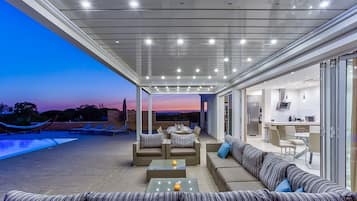 Villa | 6 dormitorios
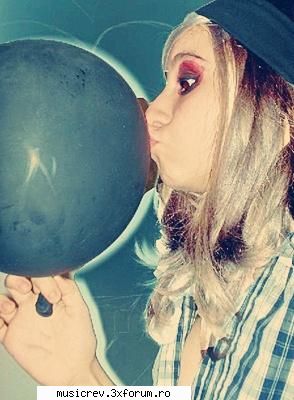 kido. scurt obiect :)). bine uite editez poze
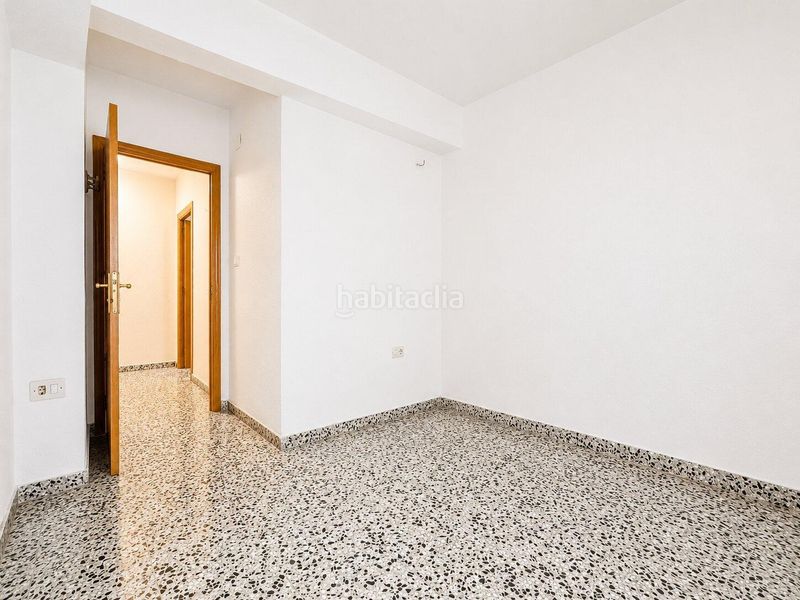 Foto fa2b812c-2bf0-4fe6-9ecd-f5b77b12f000. Pis a Meliana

+ + +

What the task requires:
Excluding images, output exactly the lines from the one that holds "kido. scurt obiect" through the final line of the material, both ends included.

The completed task:
 kido. scurt obiect :)). bine uite editez poze
 Foto fa2b812c-2bf0-4fe6-9ecd-f5b77b12f000. Pis a Meliana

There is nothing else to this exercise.